Recent trends show that by 2022, health centers treated a record ~30.5 million patients, 90% of whom were ≤200% FPL, and by 2024, over 32.3 million patients. This guide walks through every key UDS table, detailing its purpose, data elements, sources, calculation rules, common pitfalls, and compliance tips – with an illustrative example row for each.

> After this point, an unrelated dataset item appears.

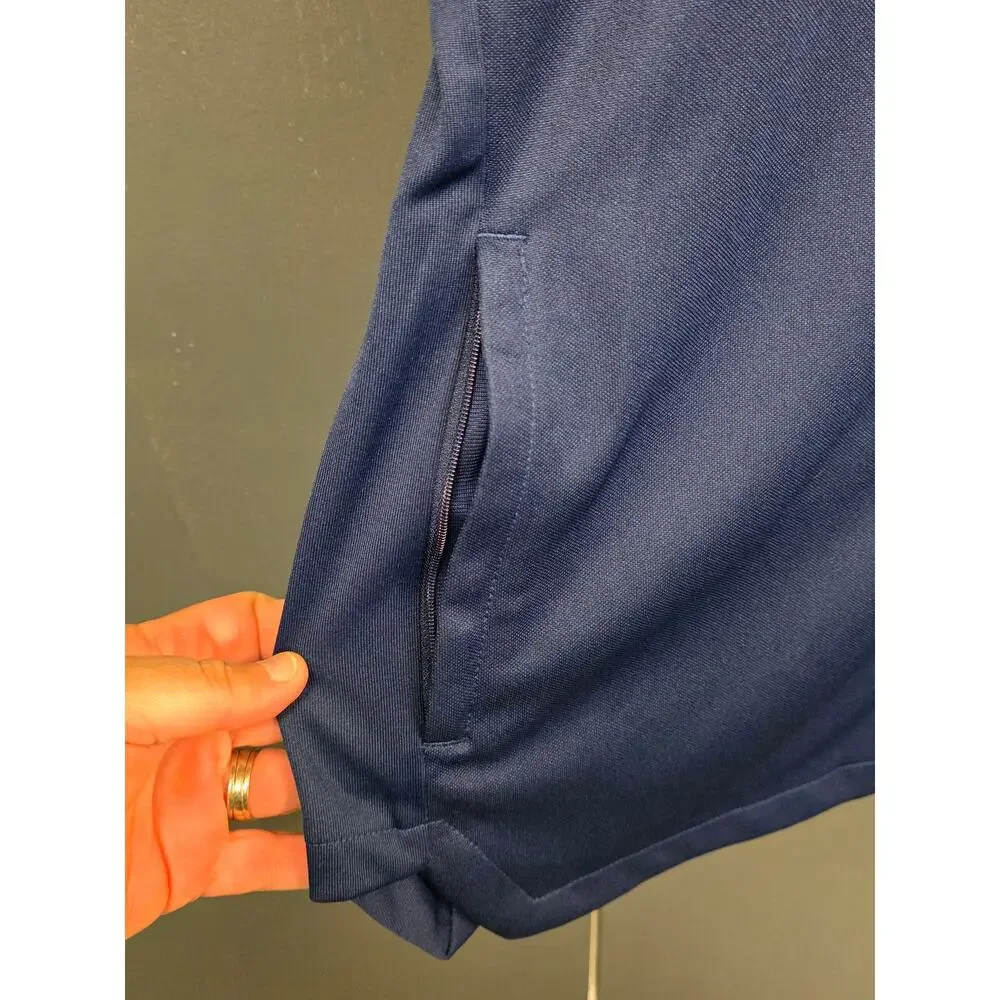 ADIDAS ATHLETIC JACKET 3XL 1030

Purpose and Scope of UDS Reporting

The UDS is a standardized annual data set that every Federally Qualified Health Center awardee must submit. It is mandated by Section 330 of the PHS Act and covers all services in a health center’s project scope. The UDS captures unduplicated patient counts, visit counts, patient demographics, service mix, clinical quality measures, staffing, financial costs, and revenue sources. Its purpose is both operational and compliance/oversight. For example, HRSA’s published summaries show national trends in patient volume and health outcomes based on UDS data. Health centers must update these data annually.

In practice, UDS data are gathered from a variety of systems: patient registration and EHR databases provide demographics and visit/service records; billing/claims systems provide diagnosis and financial data; HR/payroll systems provide staff FTEs; and the accounting system provides cost and revenue information. The graph above depicts how clinic EHRs, billing, HR, and finance interact with the various UDS tables. Key points: Each patient or service should be tallied once, and health centers must adhere to the manual’s criteria. UDS data are publicly available at the aggregate level, and health centers can obtain their own previous UDS data through the HRSA EHB and data portal.

Related: What is UDS Reporting in Healthcare? Everything You Need to Know

Key UDS Reporting Tables

Patients by ZIP Code Table

Breaks down patients by their residence ZIP code and primary medical insurance. This table helps map the clinic’s service area and payer distribution. It lists each ZIP code in the service area, the count of patients residing there, and those patients’ insurance categories.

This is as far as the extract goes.